A considerable number of patients have to be recruited in a clinical trial to obtain solid results. In pediatric studies, patient recruitment is frequently problematic. In the simple common childhood illnesses, the number of recruitable patients is certainly large, but they may be hard to reach, and the imbalance between potential benefit and inconvenience of participation may reduce motivation to enroll. In severe diseases, the balance may be right, but the available number of patients may be small. Good communication with the child and family, as well as the motivation of colleagues to admit, is another key element in success. Proper study design, including realistically identified sources of patients, reasonable inclusion, and exclusion criteria, also are required.
Initiating and performing clinical trials of drugs in children is as necessary as in adults, but in many ways more difficult. In this article, I discuss patient recruitment for pediatric clinical trials with a European, especially a European Union (EU) and, in some practical examples, a Finnish view to the problem.
PREREQUISITES TO RECRUITMENT
National laws, international conventions, and EU directives and guidelines direct and regulate biomedical research. The European documents on biomedical research generally (The Convention on Human Rights and Biomedicine by the Council of Europe) and clinical trials in children specifically (Guidelines on Clinical Investigation of Medicinal Products in Children) recently have been revised and are undergoing final stages of approval. They require that a child undergoing research should stand to obtain some benefit, except under very specific conditions. The risk of any intervention must not be disproportionate to the potential benefit.
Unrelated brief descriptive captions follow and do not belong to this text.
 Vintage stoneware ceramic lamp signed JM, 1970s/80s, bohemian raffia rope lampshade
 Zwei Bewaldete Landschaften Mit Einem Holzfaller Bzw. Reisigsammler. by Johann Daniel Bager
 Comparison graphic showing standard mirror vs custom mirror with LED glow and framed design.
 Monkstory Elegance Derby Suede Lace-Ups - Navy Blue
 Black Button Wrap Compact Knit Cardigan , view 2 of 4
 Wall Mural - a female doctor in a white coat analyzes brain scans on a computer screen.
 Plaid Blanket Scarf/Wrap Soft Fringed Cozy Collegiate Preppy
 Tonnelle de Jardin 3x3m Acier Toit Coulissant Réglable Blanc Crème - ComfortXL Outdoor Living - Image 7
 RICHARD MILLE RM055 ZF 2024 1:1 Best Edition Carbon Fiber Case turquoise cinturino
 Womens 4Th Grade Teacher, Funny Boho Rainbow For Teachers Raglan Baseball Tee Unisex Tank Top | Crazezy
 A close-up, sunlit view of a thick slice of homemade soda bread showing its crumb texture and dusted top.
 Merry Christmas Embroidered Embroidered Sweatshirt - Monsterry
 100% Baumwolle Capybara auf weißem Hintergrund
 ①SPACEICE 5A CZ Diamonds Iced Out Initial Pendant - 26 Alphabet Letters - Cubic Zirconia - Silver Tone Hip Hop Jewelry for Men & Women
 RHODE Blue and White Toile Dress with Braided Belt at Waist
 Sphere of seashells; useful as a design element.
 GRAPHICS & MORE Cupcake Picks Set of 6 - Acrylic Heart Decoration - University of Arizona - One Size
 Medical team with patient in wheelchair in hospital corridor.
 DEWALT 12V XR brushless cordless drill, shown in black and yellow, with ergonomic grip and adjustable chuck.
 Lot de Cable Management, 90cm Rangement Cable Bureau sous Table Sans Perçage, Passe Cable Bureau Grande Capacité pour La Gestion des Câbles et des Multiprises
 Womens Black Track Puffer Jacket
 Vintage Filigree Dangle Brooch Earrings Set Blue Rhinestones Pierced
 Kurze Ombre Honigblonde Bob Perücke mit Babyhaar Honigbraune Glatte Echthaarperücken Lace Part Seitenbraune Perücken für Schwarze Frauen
An established condition for enrollment of children is parental consent, in writing. The Convention states that, “the opinion of minors should be regarded as an increasingly determining factor in proportion of their age and capacity for discernment.” Financial or other inducements are prohibited, but reimbursement for costs are allowed. These principles follow present internationally accepted standards in effect banning the use of children as “healthy volunteers” in research. Only pediatric patients can be recruited for clinical trials, except in studies on vaccinations and similar preventive measures.
The primary principles described above are generally accepted in Europe. The sovereign European countries may, however, to some degree vary in the interpretation of the conventions, and legislation may reflect national considerations.
Europe is populated by ∼800 million people. In the 15 countries of the EUa, ∼17.8% of the 372 million inhabitants are younger than age 15 years. The health of the European children is generally good, in a way diminishing the number of potentially available patients for pediatric clinical trials.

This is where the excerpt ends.